Private equity: investing in unquoted companies - some of which may be very large, with a different risk profile to a high-tech start-up.

* Seed capital: investment made at the concept stage of a new business venture.

Start-up capital: money put in during the first three years of the company's life.

Development capital: finance for an established company which needs to expand.

Management buyout: purchase of a business from its owners by the company's existing management.


* Enterprise investment schemes (EISs): a high risk tax incentive scheme which allows investment in a single company. Tax incentives include a 20 per cent tax rebate on the cost of the investment, deferral of capital gains tax on the sum invested, and no capital gains tax on gains within the scheme. A loss made in an EIS can be offset against gains elsewhere - a benefit not available with a venture capitalist trust.

* Venture capital trusts (VCTs): funds set up under special legislation to invest in small UK start-ups. They carry attractive tax breaks which help compensate for the level of risk. There is up-front income tax relief of up to 40 per cent. Dividends and capital gains made on the sale of shares as well as capital gains made within the fund are free of tax. The tax breaks mostly benefit large investors, but you can invest in a VCT with as little as £1,000 or as much as £200,000.

* Venture and development capital investment trusts (VDCITs): straightforward investment trusts, without the tax breaks of VCTs, but with greater investment freedom. They can invest in private equity, including larger and non-UK companies. Most investment trusts have savings schemes which allow investments from a £500/£1,000 lump sum or £50 a month.

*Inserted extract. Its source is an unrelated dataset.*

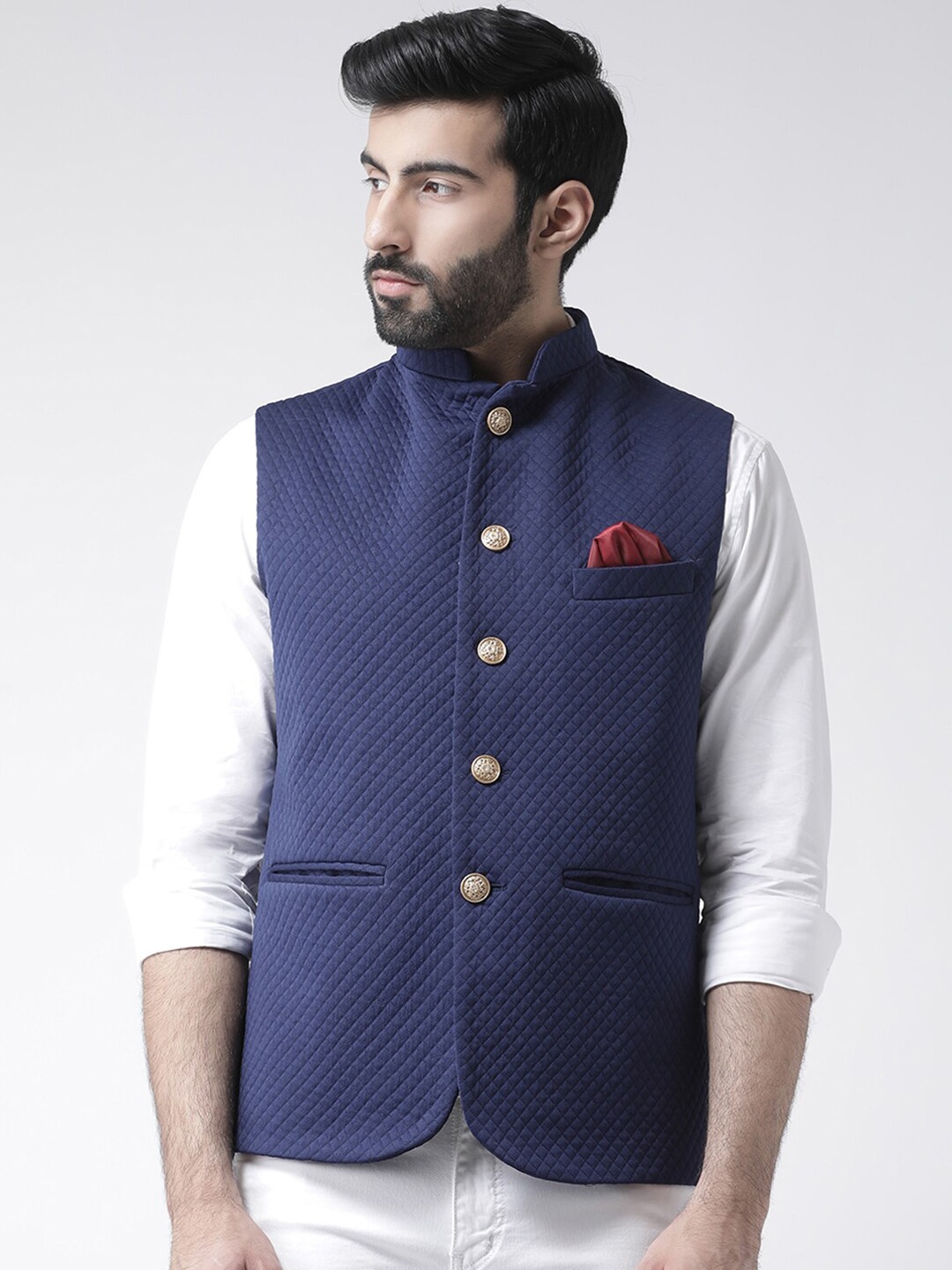 

hangup trend Men Self-Design Woven Nehru Jackets, Navy blue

* Non-specialist investment trusts: investment trusts in generalist sectors that hold part of their portfolio in unquoted investments. This can be a good and relatively low risk way for smaller investors to gain some exposure to private equity.

Direct investment: putting money directly into a business, although the risk is high and the minimum investment is in the tens of thousands. This type of deal is usually set up by a lawyer or accountant acting for one or more clients, often experienced business people who can become involved in the management of the fledgling company.